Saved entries
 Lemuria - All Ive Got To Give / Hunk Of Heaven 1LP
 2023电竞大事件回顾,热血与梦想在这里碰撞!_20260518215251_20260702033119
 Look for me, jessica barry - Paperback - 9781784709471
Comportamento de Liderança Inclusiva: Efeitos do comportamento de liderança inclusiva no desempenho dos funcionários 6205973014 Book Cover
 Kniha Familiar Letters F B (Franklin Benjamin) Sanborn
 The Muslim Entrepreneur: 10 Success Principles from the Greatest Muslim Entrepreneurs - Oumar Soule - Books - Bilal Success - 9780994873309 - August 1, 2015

*What you should do*.
Each record above needs to be given again exactly as written.

*Written answer*.
 Lemuria - All Ive Got To Give / Hunk Of Heaven 1LP
 2023电竞大事件回顾,热血与梦想在这里碰撞!_20260518215251_20260702033119
 Look for me, jessica barry - Paperback - 9781784709471
Comportamento de Liderança Inclusiva: Efeitos do comportamento de liderança inclusiva no desempenho dos funcionários 6205973014 Book Cover
 Kniha Familiar Letters F B (Franklin Benjamin) Sanborn
 The Muslim Entrepreneur: 10 Success Principles from the Greatest Muslim Entrepreneurs - Oumar Soule - Books - Bilal Success - 9780994873309 - August 1, 2015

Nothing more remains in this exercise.